Not everyone will love everything I have to say, and you will find above a link to a page telling the tale of one attempt to have my views banned, and another about how I was eventually banned.

Hollywood versus Britain

It is arguable that Hollywood is powerful. It has a near stranglehold on world film distribution. Three quarters of feature films made in Britain never get distributed at all. Big budget films are mainly American, and Hollywood blockbusters are seen by countless millions all over the world. Not only is this financial power, but it is also power of a potentially more sinister kind: the power to influence people's minds. With power comes responsibility.

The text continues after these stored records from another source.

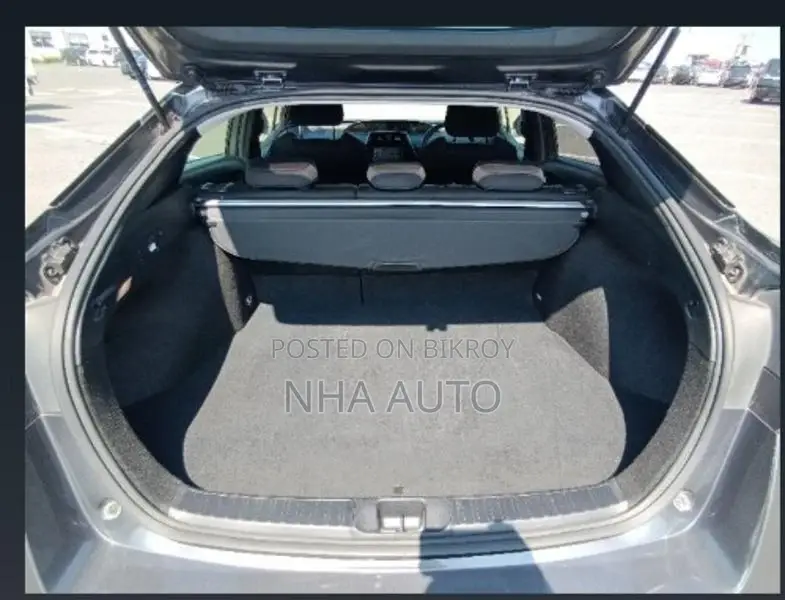 Toyota Prius S 2020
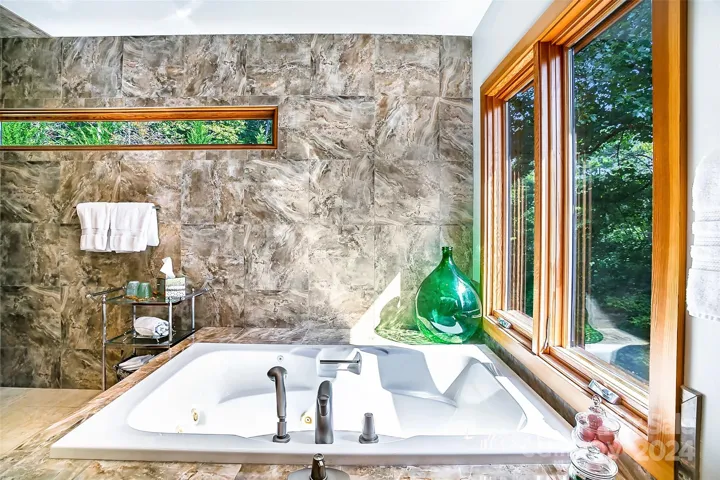 Primary bathroom jetted tub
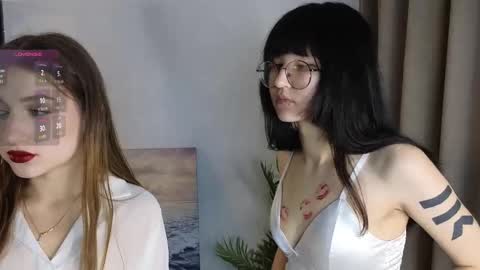 Snapshot of alexagugler chatting on September 10, 2025, 4:45 am Emma - blonde and Mia - dark online show from September 10, 2025, 4:45 am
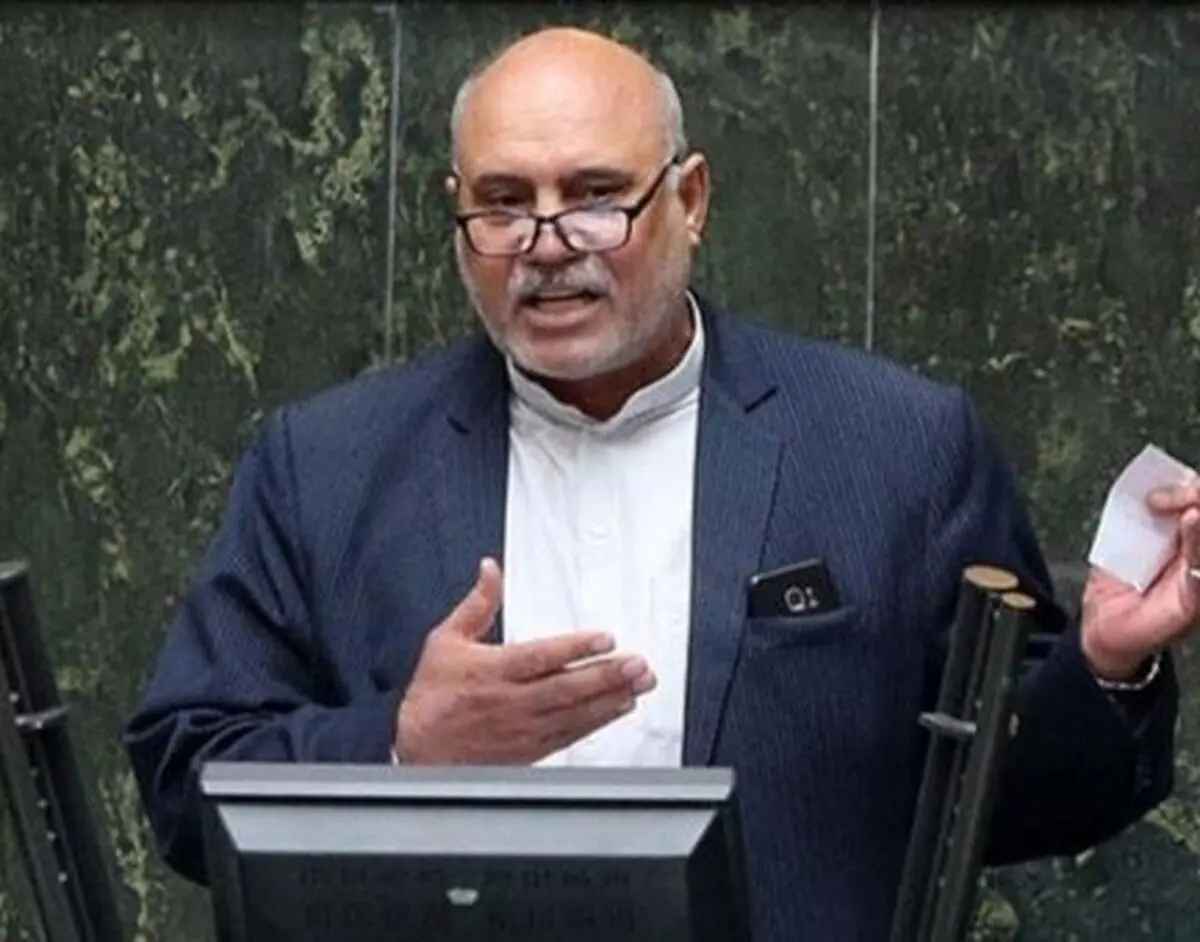 تیم مذاکره کننده آرمان های انقلاب را فراموش نکنند


I find it a remarkable and comforting fact that Americans do not open fire immediately on encountering a Brit. It is comforting because they have many guns, and I am British. It is remarkable because if they learned all they know from the movies, then they would surely not hesitate to shoot first and ask questions later. All baddies in American films are British, or pretend to be. Usually a British actor is used to portray a villain, even if that villain is meant to be German or American. When an American actor is used, he usually affects an English accent in the hope of appearing more villainous.

So it seems that Americans are able to tell fantasy from fact. British accents are not hated at all by actual Americans. Indeed, some of them are positively admired, it seems. It is still difficult to imagine that Hollywood's portrayal of the British, particularly the English, has no effect whatsoever on American minds. The English get two types of role to play in American films: evil geniuses trying to take over the world, and ridiculous buffoons whom the audience is required to hope never get to marry the girl. There are only two exceptions: Hugh Grant (who often plays villains and buffoons anyway), and James Bond (who has been played by a Scot, an Australian, and now an Irishman). In my encounters with Americans, I have noticed that they are sometimes looking out for signs of evil genius and buffoonery in me.

The British, though, can take it. The Americans insult us constantly by telling the world that we are buffoons and evil, but we are confident enough in ourselves that we know this to be false, and most of the time, most people realise that these pictures are false, so we needn't make a fuss. There is something else, though, that Hollywood does, and I don't think that Americans realise just how annoyed a lot of British are about it.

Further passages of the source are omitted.